-- ENTRIES SUPPLIED follows --

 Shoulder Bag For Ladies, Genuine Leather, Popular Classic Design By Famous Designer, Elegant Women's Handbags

-- ENTRIES SUPPLIED concluded --
-- ENTRIES SUPPLIED follows --

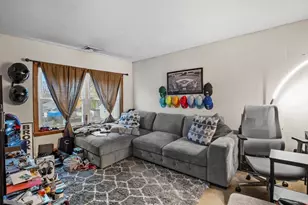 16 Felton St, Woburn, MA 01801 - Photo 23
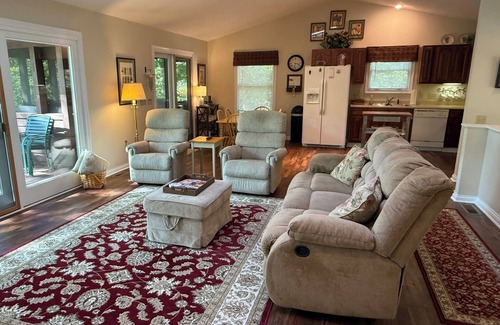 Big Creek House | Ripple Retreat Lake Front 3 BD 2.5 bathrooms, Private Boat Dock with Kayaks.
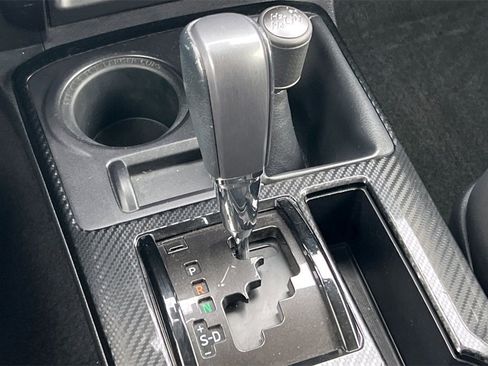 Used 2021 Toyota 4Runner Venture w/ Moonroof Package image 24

-- ENTRIES SUPPLIED concluded --

=== YOUR GOAL ===
Using the data above, return the lines from the one holding "Big Creek House" through the one holding "Used 2021 Toyota" exactly, but not the pictures.

=== ANSWER SPACE ===
 Big Creek House | Ripple Retreat Lake Front 3 BD 2.5 bathrooms, Private Boat Dock with Kayaks.
 Used 2021 Toyota 4Runner Venture w/ Moonroof Package image 24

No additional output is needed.